With the images removed, return every line below exactly as it reads.

START DATA FOR THIS TASK

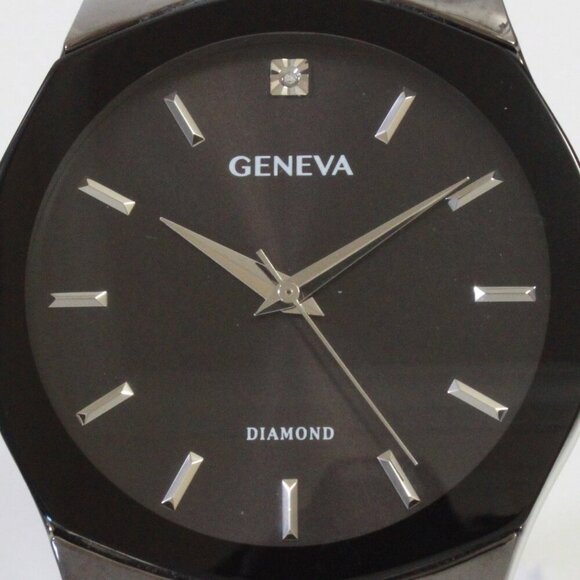 Geneva Men's Casual Watch Diamond At 12 Integrated Bracelet 42mm - Picture 13 of 13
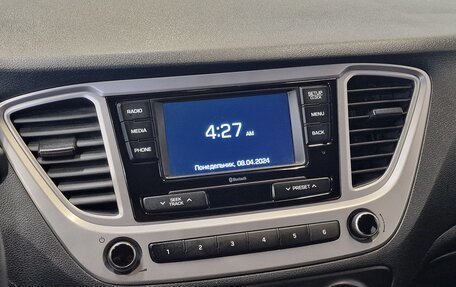 Hyundai Solaris II рестайлинг, 2021 год, 1 340 000 рублей, 10 фотография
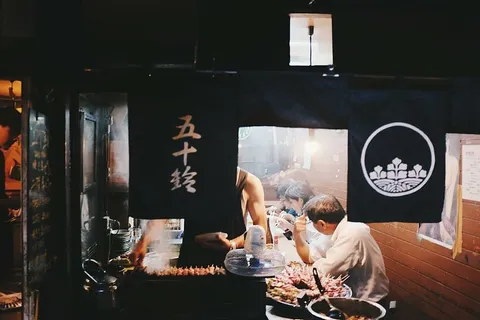 人,坐着,沙子,站着,旁边,长方形,灰色,桌子 人,坐着,沙子,站着,旁边,长方形,灰色,桌子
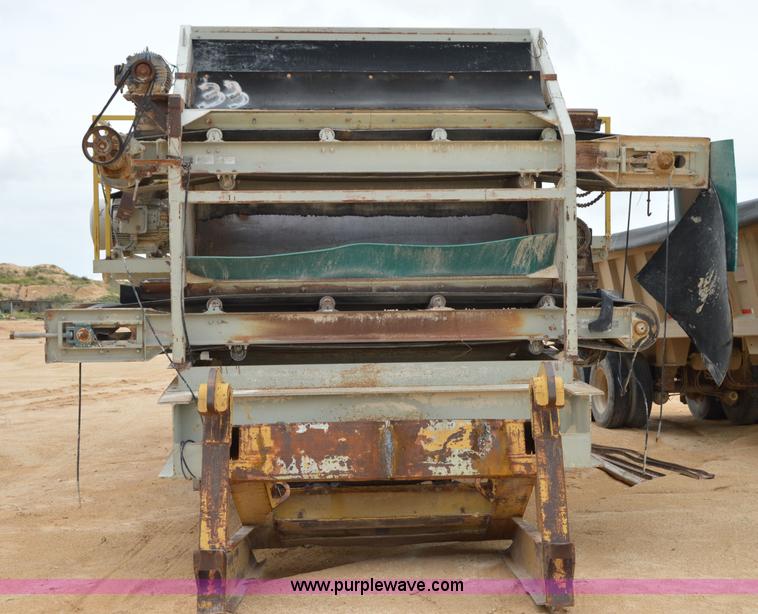 image for item H2970 1979 Cedarapids 7203-38 portable screening plant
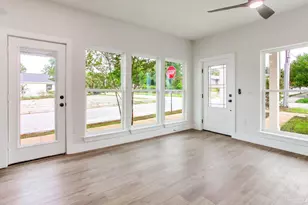 16 S M St, Pensacola, FL 32502 - Photo 6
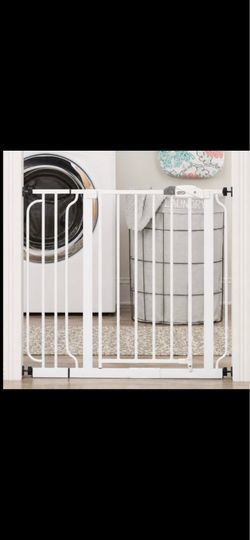 Baby safety gate new never used in box opened for Picturing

END DATA FOR THIS TASK

TASK ANSWER:
 Geneva Men's Casual Watch Diamond At 12 Integrated Bracelet 42mm - Picture 13 of 13
 Hyundai Solaris II рестайлинг, 2021 год, 1 340 000 рублей, 10 фотография
 人,坐着,沙子,站着,旁边,长方形,灰色,桌子 人,坐着,沙子,站着,旁边,长方形,灰色,桌子
 image for item H2970 1979 Cedarapids 7203-38 portable screening plant
 16 S M St, Pensacola, FL 32502 - Photo 6
 Baby safety gate new never used in box opened for Picturing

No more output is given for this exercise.